Let $\mathbb N$ denote the set of all natural numbers. Show that there exists two nonempty subsets $A$ and $B$ of $\mathbb N$ such that $A\cap B=\{1\};$ every number in $\mathbb N$ can be expressed as the product of a number in $A$ and a number in $B$; each prime number is a divisor of some number in $A$ and also some number in $B$; one of the sets $A$ and $B$ has the following property: if the numbers in this set are written as $x_1<x_2<x_3<\cdots$, then for any given positive integer $M$ there exists $k\in \mathbb N$ such that $x_{k+1}-x_k\ge M$. Each set has infinitely many composite numbers.
Problem
Source: India TST 2016 Day 4 Problem 3
Tags: number theory, set, prime numbers
22.07.2016 11:54
I think this works.

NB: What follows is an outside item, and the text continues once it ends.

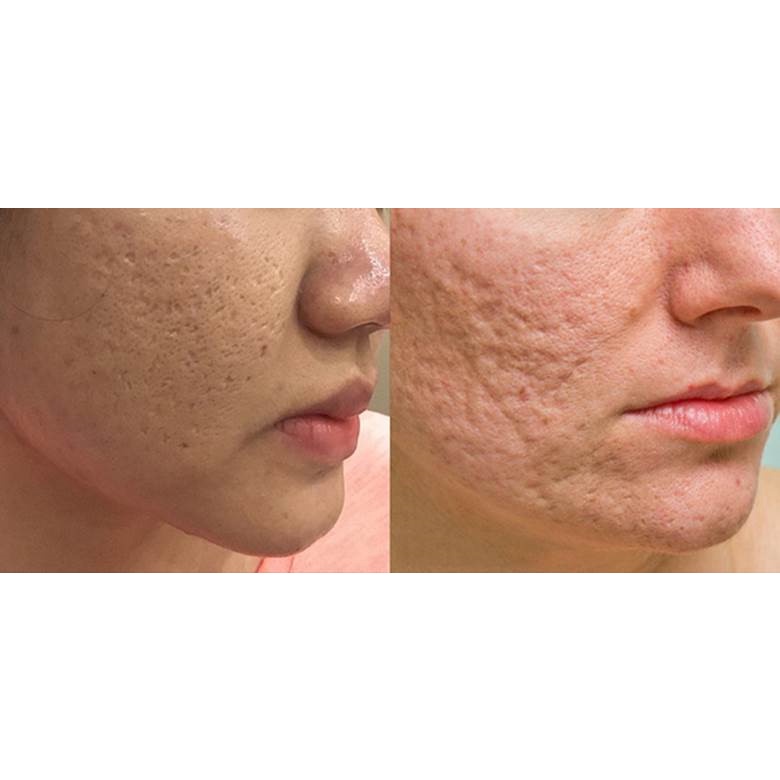Kem Nghệ Thái Dương (nano Bạc), Tuýp 20g Chính Hãng Giúp Giảm Mụn, Mờ Thâm Nám, Nhanh Mờ Sẹo - Mỹ Phẩm Ola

Let $A$ be the set of squarefree numbers and $1$. Let $B$ be the set of square numbers. I will show that this works. 1. $A \cap B = \{1\}$. This is absolutely trivial. 2. Of course, if $n=\prod p^{e_i}_i$, we can just write it as $( \prod p^{\lfloor \frac{e_i}{2} \rfloor}_i)^2 \cdot \text{squarefree terms}$. 3. Trivial. 4. This on set $B$ is trivial. For set $A$, we can set up $x+i \equiv 0 \pmod{p^2_i}$ and by CRT we are okay. 5. Trivial.
22.07.2016 11:56
Wow, it really works! It seems so simple now. The long text discouraged me...
22.07.2016 12:00
@rkm0959 Point 2 is even more trivial. If $n\in A$, write $n=n\cdot 1$, otherwise $n=1\cdot n$. I don't know how this became the last problem of the last TST.
22.07.2016 12:02
No, because $A \cup B \not= \mathbb{N}$..
22.07.2016 12:06
Oops, I misread. Actually my construction was: $B=$all perfect squares, $A=$everything else along with $1$. This works as well.
19.05.2020 18:35
Wow why is this problem a Day 4 P3 Just let $A=\{1,2,2^2-1,2^3-1,...\}$ and $B=\{1\}\cup\{\mathbb{N}-A\}$ Now all properties are trivially true . 1) Trivial 2)Just take that number and $1$ 3)For $p=2$, it's obvious , for odd prime we have $p|2^{p-1}-1\in A$ and $2p \in B$ 4)This trivial on set $A$ as the gap between consecutive numbers increases exponentially 5)For $B$ just take powers of $2$ and for $A$ note that $2^{2k}-1$ is composite for all $k>1$
19.05.2020 19:38
One sees that, informally, a "random" choice of $A$ and $B$ should work: For each integer $n > 1$, flip a coin to decide whether $n \in A$ or $n \in B$, and also let $1 \in A, 1 \in B$. Now claims 1 and 2 hold surely and claims 3, 4 and 5 hold almost surely. As one can set up a probability measure for partitions of $\{2, 3, \ldots \}$ to two subsets, this proof can be made rigorous. Thus, the problem can be solved without actually constructing such $A$ and $B$.